By 30 September 1917, he had half a dozen aerial victories to his credit. Five of them were shared, with fellow aces Jean Matton, Gilbert de Guingand, and René Montrion. De Turenne was appointed commander of Escadrille SPA 12 on 12 January 1918. In his nine victories with the SPADs of this squadron, he continued with teamwork in combat and branched out to become a balloon buster by downing two observation balloons. He not only shared victories with fellow aces Marcel Marc Dhome and Emile Regnier, but with several other pilots. An interesting sidelight on de Turenne's victory list is that he had only two solo victories, and there were no fewer than fifteen other pilots sharing one or more of the other thirteen triumphs. He was promoted to the temporary rank of captain on 17 July 1918, and this was made permanent on 25 December.

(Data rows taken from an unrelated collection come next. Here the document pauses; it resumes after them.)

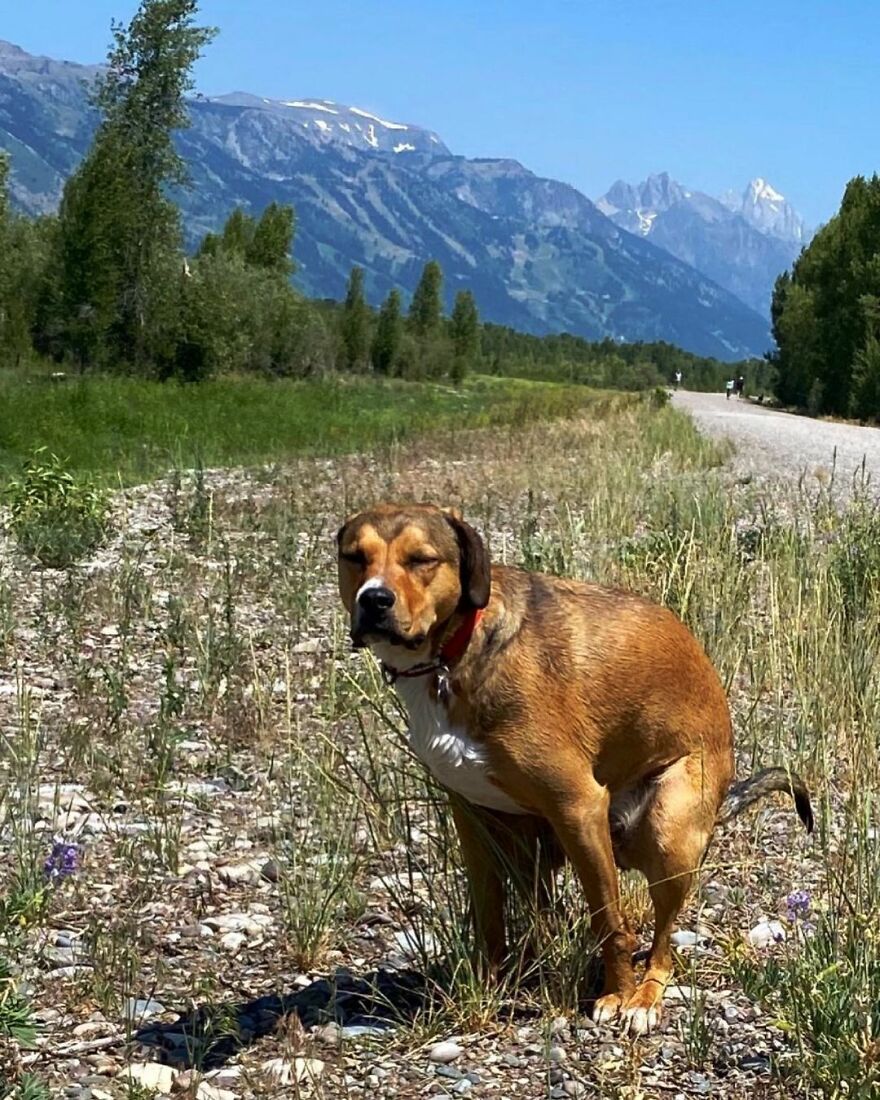 Frank In Wilson Wyoming!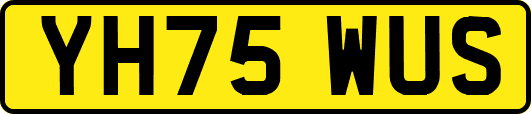 YH75WUS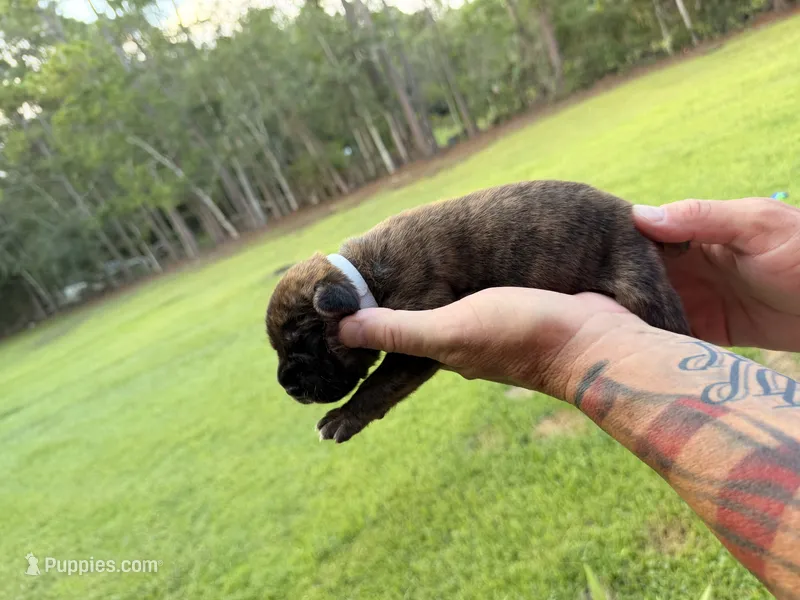 Gray – Cane Corso puppy for sale in Saint Augustine, FL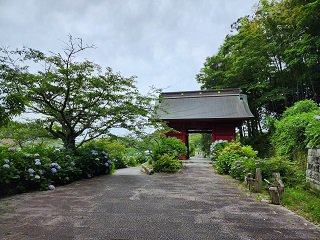 20240613_102443.jpg
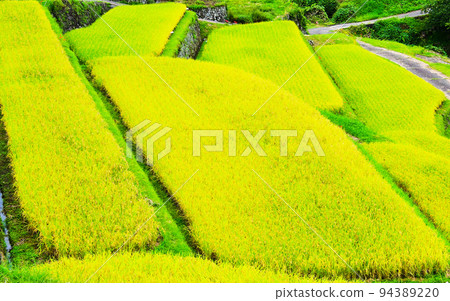 Top 100 Terraced Rice Fields Sakaori Rice Terraces in Autumn Top 100 Terraced Rice Fields Sakaori Rice Terraces in Autumn 94389220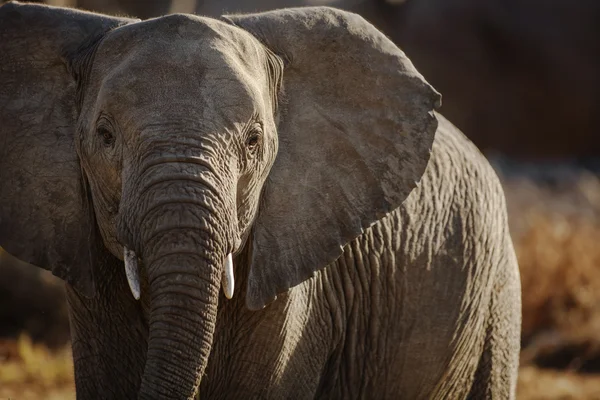 Wildlife found on Safari — Stock Photo, Image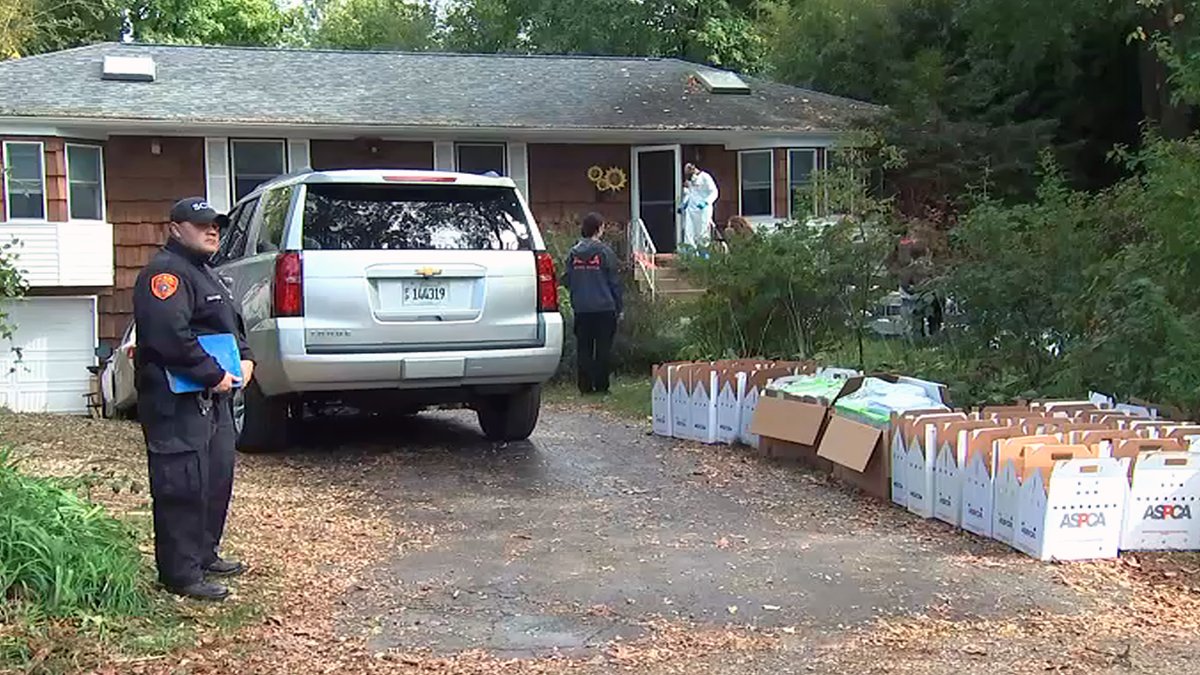 Long Island Animal House: Miller Place Home Overrun, ASPCA Says – NBC Connecticut - Vimarsana News
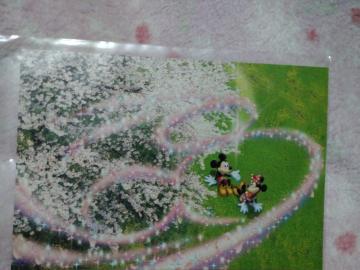 ディズニー ミッキー&ミニー ☆ ポストカード 桜柄 A横長 @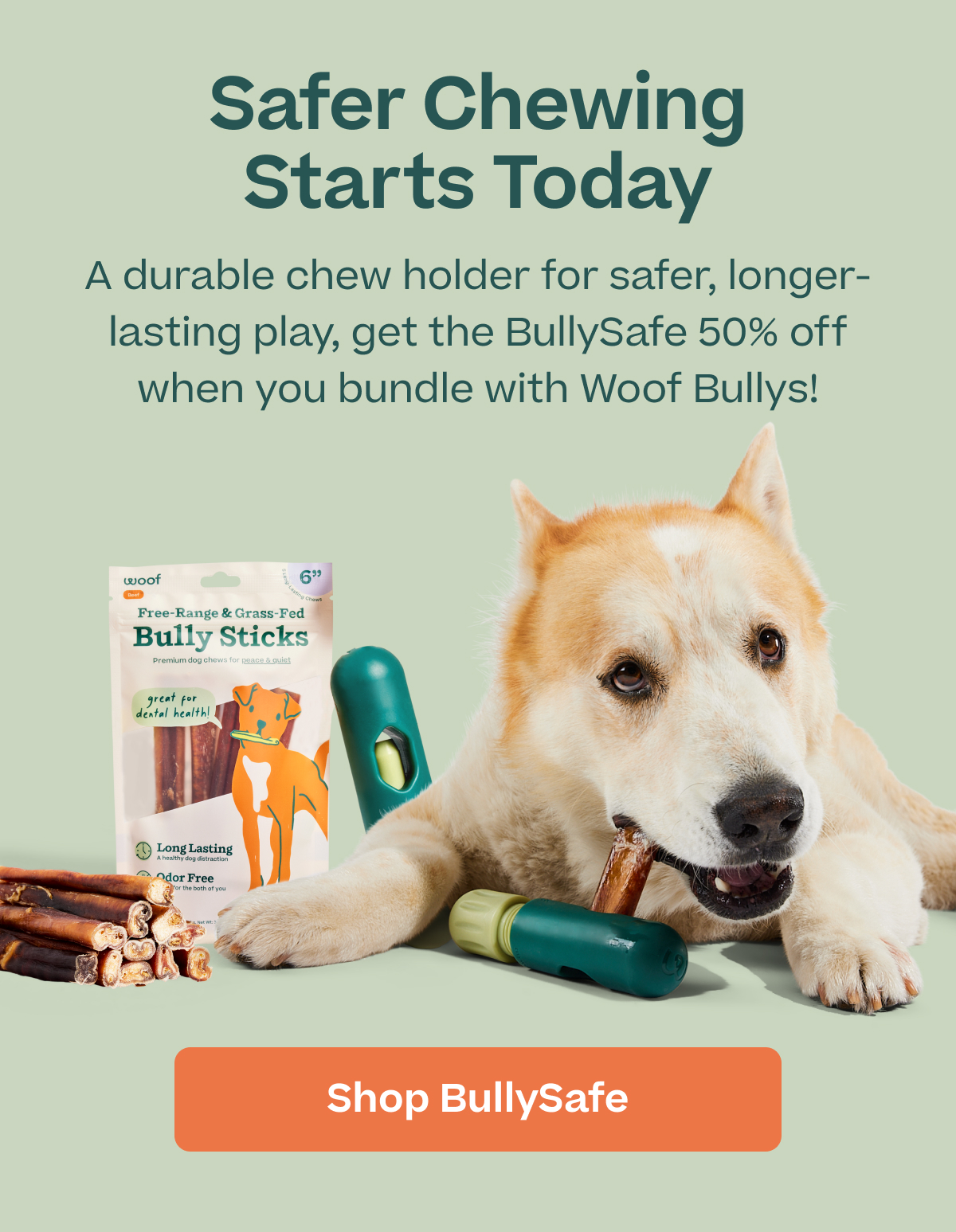 Woof | Safer Chewing Starts Today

His achievements were not just personal ones; his squadron was cited in General Orders for their accomplishments under his command.

==Inter-war career==
After the war de Turenne stayed in the army. He was appointed commander of Escadrille BR 234 on 29 March 1919, and on 6 July was made an Officier of the Légion d'honneur. He was seconded to the Saumur Cavalry School on 15 October 1919, then on 1 December was seconded to the régiment d'aviation d'Algérie-Tunisie at Hussein Dey, Algiers, and appointed commander of Escadrille VR 543. He returned to France to serve in the 1er régiment d'aviation d'observation, based at Tours from 1 August 1920. He was later appointed commander of the 4ème groupe, then from 10 June 1922 commanded 9ème escadrille and then 8ème escadrille of the 31ème régiment d'aviation. He was posted to the 33ème régiment d'aviation on 17 June 1922, taking command of a groupe on 9 February 1925. He was second-in-command of the 1er groupe d'aviation d'Afrique in Algeria from 20 February 1929, and was made a Commandeur of the Légion d'honneur on 2 July 1931. Appointed Deputy Commanding Officer of the 6ème escadre d'aviation at Reims on 26 August 1933, he also took part in the flight of thirty Potez 25 aircraft from France to French East Africa under General Joseph Vuillemin between 6 November 1933 to 15 January 1934. He then served as Commander of the 6ème escadre d'aviation at Reims from 1 February 1934, and was promoted to lieutenant-colonel on 25 March. He commanded the 42ème escadre aérienne at Reims from 1 January 1935, and the 4ème brigade de défense aérienne from 27 April 1937, receiving promotion to colonel on 15 June. The same year he took part in aerial exercises, and in a flight from Paris to Conakry with nine bombers.

==World War II==
On the outbreak of World War II de Turenne was serving as the Commander of the 4ème escadre aérienne, stationed at Reims. He was appointed Commander of groupe de chasse 24, on 14 May 1940 during the battle of France. Following the French defeat de Turenne served in the Vichy French Air Force, as commander of the 8ème groupement de bombardement in Tunis from 19 October 1940, then as Commander of the 3ème groupement de bombardement at Oran from 1 February 1941. He was made a Grand Officier of the Légion d'honneur on 25 December 1941, but on 1 April 1942 elected to take unpaid leave for the next five years. He spent the rest of the war farming in Sidi Bel Abbès. He officially retired from the military on 2 April 1947.

==Personal life==
De Turenne married Alice Aimée Anna Décrion at Sidi Bel Abbès, Algeria, on 24 June 1920. Their son Henri (1921–2016) was a journalist and screenwriter.

Colonel de Turenne died in the 5th arrondissement of Paris on 10 December 1980, and in buried in the de Turenne family vault in the cemetery of Rivière-sur-Tarn, Aveyron.